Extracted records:
====

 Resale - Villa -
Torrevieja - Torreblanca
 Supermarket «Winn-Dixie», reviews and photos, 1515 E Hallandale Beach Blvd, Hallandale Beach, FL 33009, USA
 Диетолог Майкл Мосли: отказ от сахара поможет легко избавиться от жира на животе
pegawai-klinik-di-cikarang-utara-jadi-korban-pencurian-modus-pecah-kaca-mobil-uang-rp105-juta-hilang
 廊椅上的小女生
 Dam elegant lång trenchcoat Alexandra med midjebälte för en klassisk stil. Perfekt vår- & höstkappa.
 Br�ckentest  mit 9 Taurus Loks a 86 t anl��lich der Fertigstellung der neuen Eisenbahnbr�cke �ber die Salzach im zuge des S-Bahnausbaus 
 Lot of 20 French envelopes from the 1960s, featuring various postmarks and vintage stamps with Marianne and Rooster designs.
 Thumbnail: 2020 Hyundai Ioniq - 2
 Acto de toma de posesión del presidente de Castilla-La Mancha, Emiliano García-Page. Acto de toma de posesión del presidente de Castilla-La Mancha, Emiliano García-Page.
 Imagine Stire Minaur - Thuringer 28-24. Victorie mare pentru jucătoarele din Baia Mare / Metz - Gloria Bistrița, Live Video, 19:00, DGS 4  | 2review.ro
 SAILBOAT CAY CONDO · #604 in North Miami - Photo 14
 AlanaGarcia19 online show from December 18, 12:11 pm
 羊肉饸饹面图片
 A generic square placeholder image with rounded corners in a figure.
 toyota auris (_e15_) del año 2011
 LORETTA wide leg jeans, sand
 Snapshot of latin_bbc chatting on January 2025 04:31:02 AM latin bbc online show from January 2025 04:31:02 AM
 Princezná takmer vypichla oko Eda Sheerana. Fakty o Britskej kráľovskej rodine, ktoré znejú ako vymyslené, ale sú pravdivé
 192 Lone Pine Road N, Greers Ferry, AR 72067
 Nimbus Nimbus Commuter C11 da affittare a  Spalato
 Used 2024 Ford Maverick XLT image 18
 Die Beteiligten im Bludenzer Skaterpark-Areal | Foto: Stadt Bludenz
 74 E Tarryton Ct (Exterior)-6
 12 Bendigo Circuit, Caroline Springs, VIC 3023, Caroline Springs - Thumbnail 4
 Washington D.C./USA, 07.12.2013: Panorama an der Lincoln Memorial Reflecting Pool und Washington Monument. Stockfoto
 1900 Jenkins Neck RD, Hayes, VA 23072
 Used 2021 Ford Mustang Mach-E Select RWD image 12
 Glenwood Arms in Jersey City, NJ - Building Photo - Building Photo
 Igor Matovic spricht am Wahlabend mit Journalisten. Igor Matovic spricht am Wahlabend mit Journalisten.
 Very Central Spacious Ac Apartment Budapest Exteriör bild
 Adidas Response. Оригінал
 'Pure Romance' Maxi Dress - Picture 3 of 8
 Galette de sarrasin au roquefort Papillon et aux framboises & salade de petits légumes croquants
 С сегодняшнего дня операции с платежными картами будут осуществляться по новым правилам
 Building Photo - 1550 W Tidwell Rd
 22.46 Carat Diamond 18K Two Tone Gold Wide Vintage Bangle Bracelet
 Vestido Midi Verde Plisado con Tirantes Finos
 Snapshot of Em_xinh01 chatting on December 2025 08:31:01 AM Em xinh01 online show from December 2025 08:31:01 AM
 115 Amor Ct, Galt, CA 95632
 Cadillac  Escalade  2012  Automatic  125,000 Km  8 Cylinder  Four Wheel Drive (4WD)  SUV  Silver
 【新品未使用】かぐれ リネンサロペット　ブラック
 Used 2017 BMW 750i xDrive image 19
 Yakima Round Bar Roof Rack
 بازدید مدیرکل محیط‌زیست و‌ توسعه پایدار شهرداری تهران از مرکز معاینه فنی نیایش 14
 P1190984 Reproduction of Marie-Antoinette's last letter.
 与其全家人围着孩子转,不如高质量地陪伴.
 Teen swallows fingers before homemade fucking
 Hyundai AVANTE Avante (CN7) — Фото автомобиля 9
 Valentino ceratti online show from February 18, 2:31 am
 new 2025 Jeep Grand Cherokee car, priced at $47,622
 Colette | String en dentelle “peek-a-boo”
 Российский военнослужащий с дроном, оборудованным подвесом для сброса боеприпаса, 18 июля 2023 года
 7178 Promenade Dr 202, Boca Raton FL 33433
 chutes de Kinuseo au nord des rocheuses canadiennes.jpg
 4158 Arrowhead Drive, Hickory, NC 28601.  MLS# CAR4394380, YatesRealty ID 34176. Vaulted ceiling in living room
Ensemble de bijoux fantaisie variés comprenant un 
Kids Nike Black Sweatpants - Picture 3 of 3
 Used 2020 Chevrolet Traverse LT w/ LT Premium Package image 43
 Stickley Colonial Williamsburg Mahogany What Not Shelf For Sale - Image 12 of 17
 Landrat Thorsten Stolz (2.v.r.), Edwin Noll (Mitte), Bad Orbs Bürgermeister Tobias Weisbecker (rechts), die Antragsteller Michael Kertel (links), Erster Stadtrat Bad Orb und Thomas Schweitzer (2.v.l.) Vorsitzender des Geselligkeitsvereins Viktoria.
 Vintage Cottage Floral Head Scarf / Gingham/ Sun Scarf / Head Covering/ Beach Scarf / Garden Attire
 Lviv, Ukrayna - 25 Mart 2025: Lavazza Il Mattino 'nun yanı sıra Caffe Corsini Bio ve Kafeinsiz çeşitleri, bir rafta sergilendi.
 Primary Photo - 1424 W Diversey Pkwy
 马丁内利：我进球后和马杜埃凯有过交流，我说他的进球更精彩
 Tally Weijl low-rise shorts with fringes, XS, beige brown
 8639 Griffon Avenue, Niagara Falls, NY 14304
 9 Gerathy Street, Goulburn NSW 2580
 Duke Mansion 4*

====

* _TASK GOAL_: Which of the lines above hold the string "Beach"? Copy each one.

* _REPLY_:
 Supermarket «Winn-Dixie», reviews and photos, 1515 E Hallandale Beach Blvd, Hallandale Beach, FL 33009, USA
 Vintage Cottage Floral Head Scarf / Gingham/ Sun Scarf / Head Covering/ Beach Scarf / Garden Attire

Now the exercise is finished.